Data section:
BEGIN
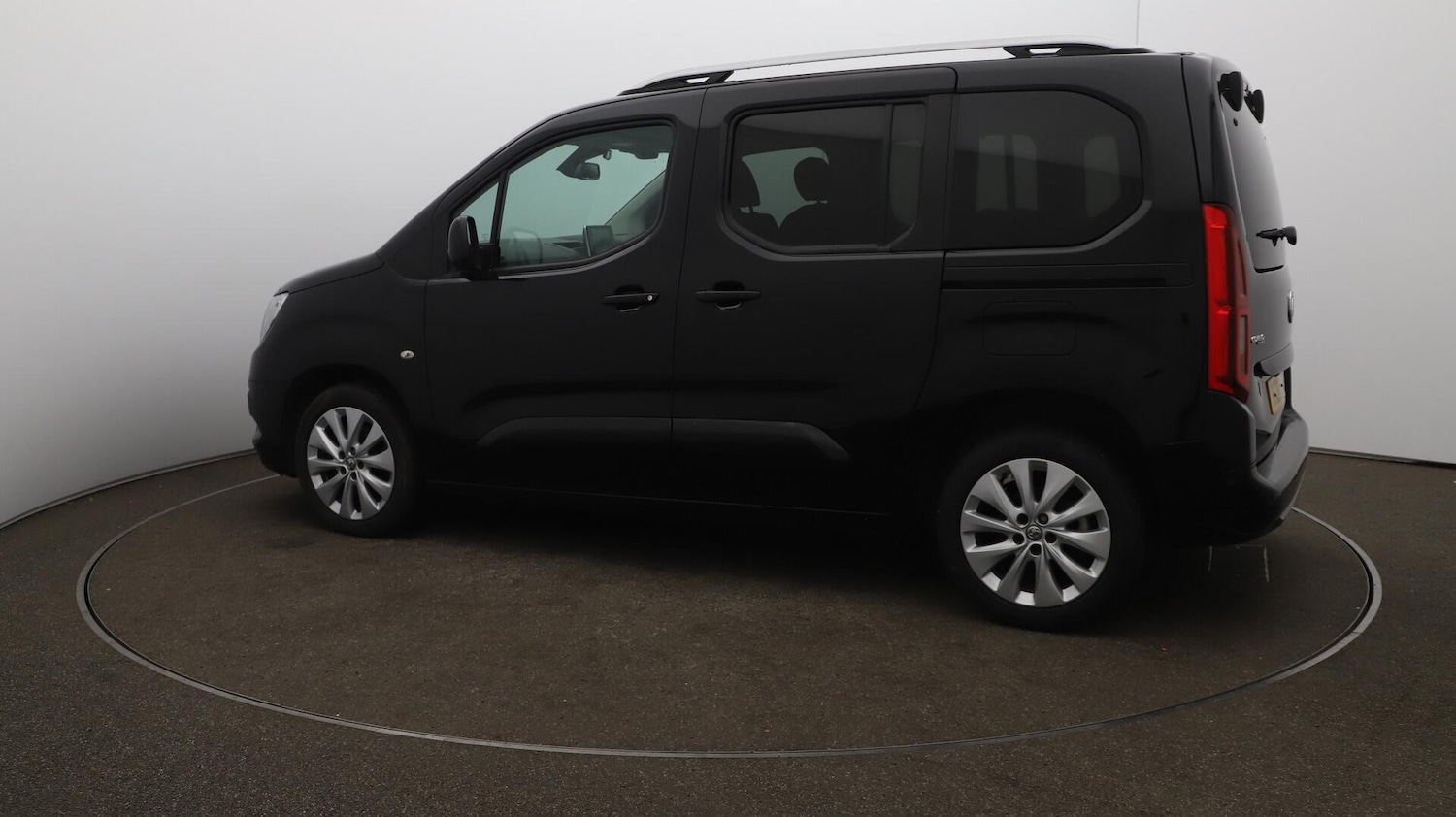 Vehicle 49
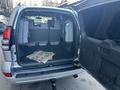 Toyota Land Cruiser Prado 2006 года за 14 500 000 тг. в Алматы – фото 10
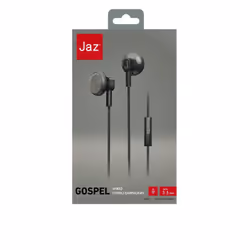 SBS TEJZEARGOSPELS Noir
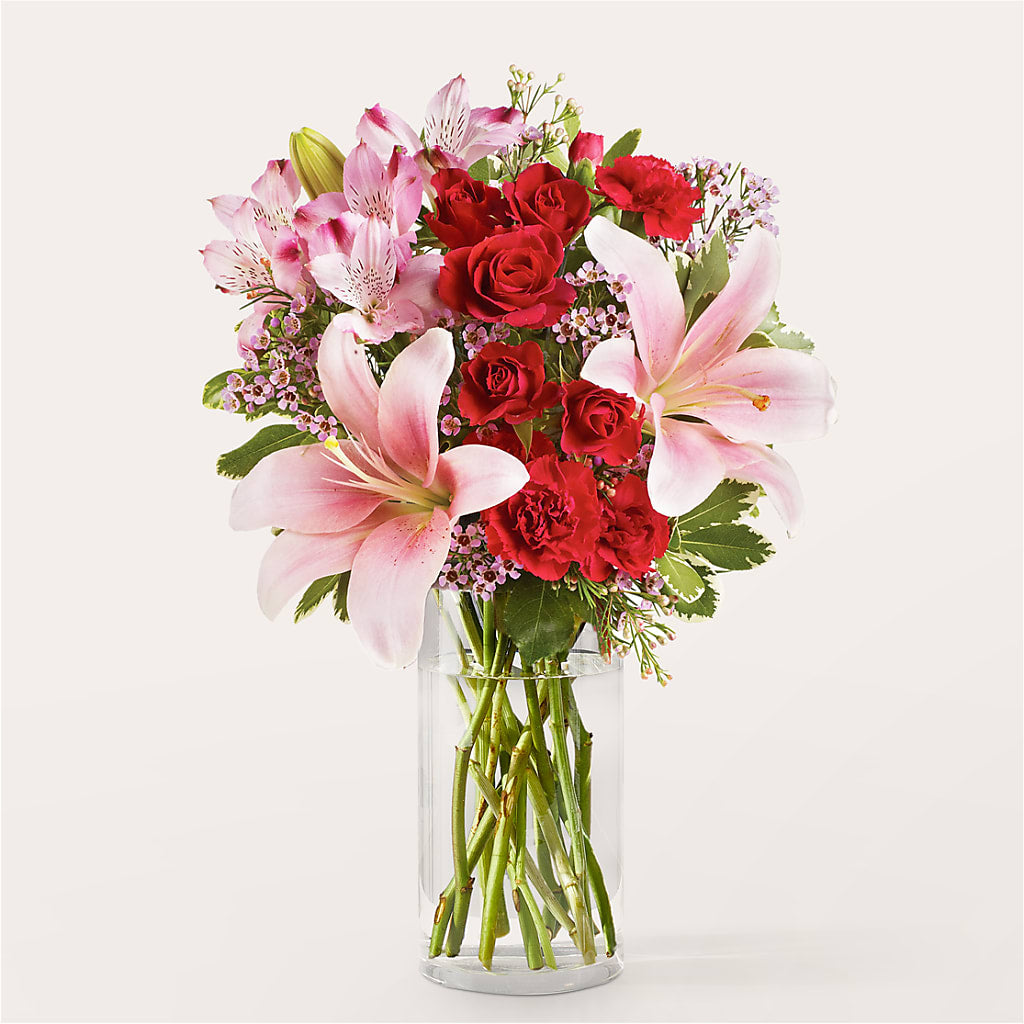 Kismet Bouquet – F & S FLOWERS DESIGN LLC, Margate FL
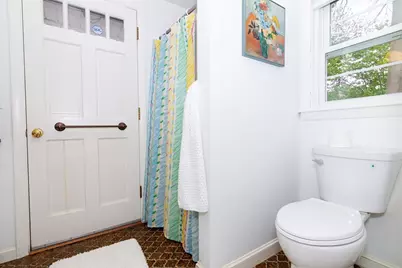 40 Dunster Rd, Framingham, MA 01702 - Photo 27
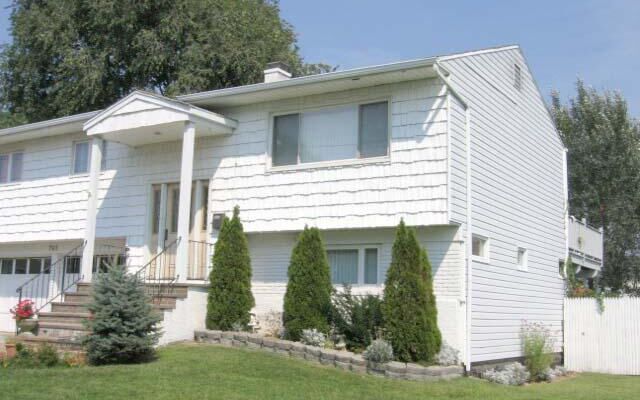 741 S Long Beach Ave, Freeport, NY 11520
END
Without copying any picture, write out the entries exactly.

Your solution:
 Vehicle 49
 Toyota Land Cruiser Prado 2006 года за 14 500 000 тг. в Алматы – фото 10
 SBS TEJZEARGOSPELS Noir
 Kismet Bouquet – F & S FLOWERS DESIGN LLC, Margate FL
 40 Dunster Rd, Framingham, MA 01702 - Photo 27
 741 S Long Beach Ave, Freeport, NY 11520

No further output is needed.